=== INFORMATION SUPPLIED ===

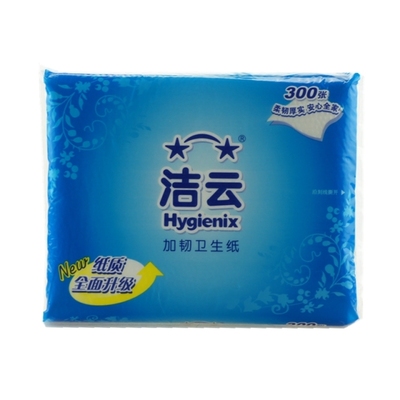 夏天用纸超级快!纸品湿巾全场9折!你确定现在不囤货?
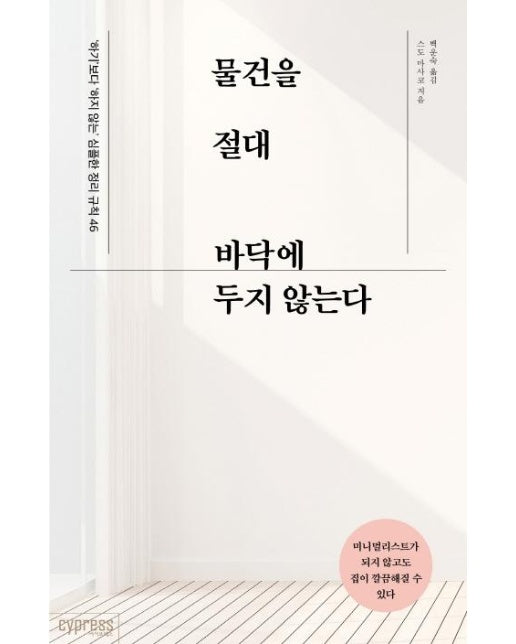 물건을 절대 바닥에 두지 않는다 : ‘하기’보다 ‘하지 않는’ 심플한 정리 규칙 46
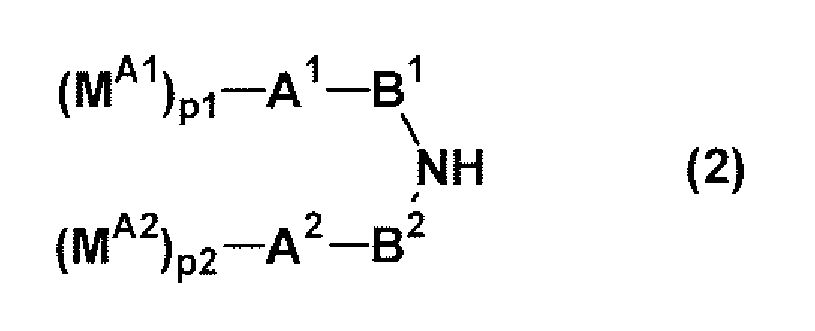 Figure imgb0057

===

## PROBLEM
To answer, repeat exactly the lines from the line containing "물건을 절대 바닥에 두지" through the last line of the data above, leaving out all pictures.

## ANSWER SECTION
 물건을 절대 바닥에 두지 않는다 : ‘하기’보다 ‘하지 않는’ 심플한 정리 규칙 46
 Figure imgb0057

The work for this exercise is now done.